INPUT DATA:
---

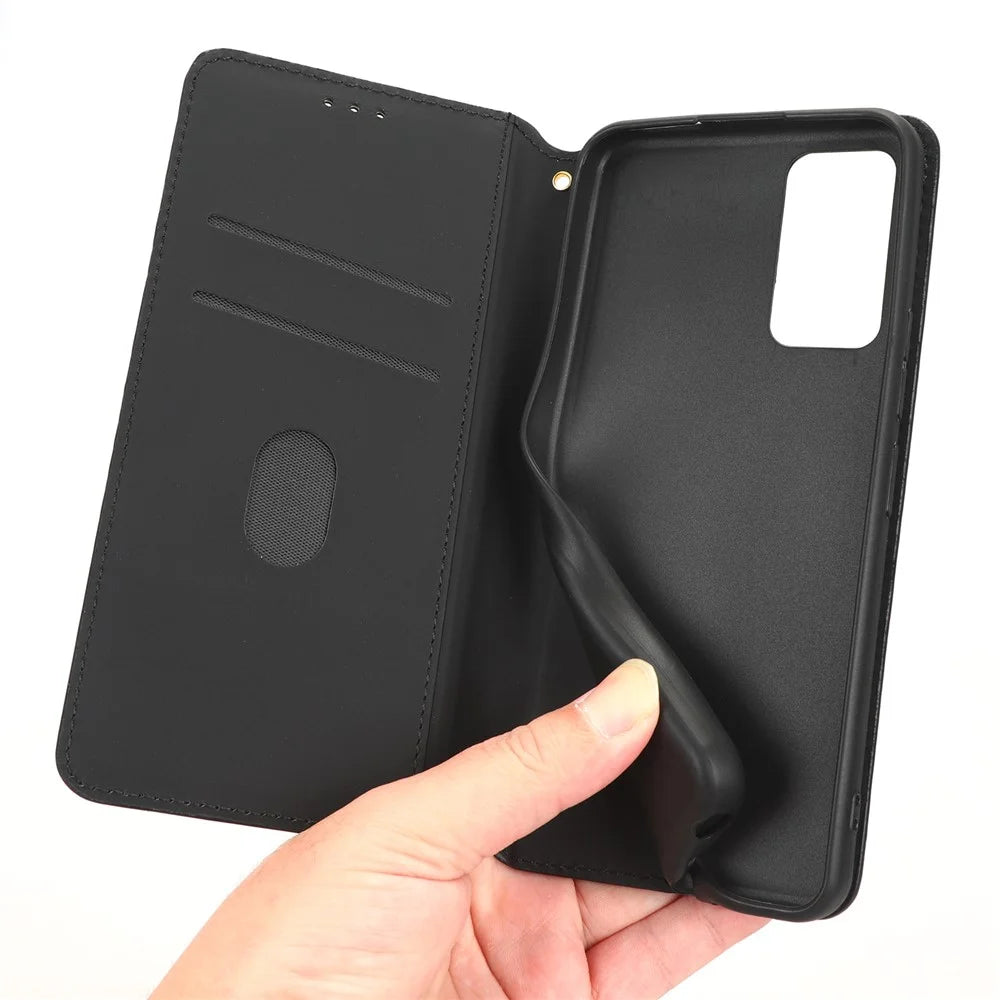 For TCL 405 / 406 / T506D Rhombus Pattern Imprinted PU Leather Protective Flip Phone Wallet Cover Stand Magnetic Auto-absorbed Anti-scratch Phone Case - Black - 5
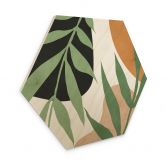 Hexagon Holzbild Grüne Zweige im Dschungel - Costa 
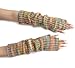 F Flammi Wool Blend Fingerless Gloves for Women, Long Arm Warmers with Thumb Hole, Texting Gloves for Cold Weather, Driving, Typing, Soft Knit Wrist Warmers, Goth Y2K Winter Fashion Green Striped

---

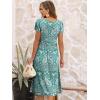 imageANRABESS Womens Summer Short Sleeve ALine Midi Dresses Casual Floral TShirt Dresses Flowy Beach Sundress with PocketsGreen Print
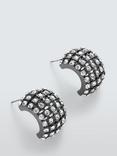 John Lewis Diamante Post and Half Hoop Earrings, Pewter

---

THE PROBLEM: In the data above, start at the line holding "For TCL 405" and stop after the line holding "F Flammi Wool"; write out those lines exactly, without pictures.

OUTPUT:
 For TCL 405 / 406 / T506D Rhombus Pattern Imprinted PU Leather Protective Flip Phone Wallet Cover Stand Magnetic Auto-absorbed Anti-scratch Phone Case - Black - 5
 Hexagon Holzbild Grüne Zweige im Dschungel - Costa 
 F Flammi Wool Blend Fingerless Gloves for Women, Long Arm Warmers with Thumb Hole, Texting Gloves for Cold Weather, Driving, Typing, Soft Knit Wrist Warmers, Goth Y2K Winter Fashion Green Striped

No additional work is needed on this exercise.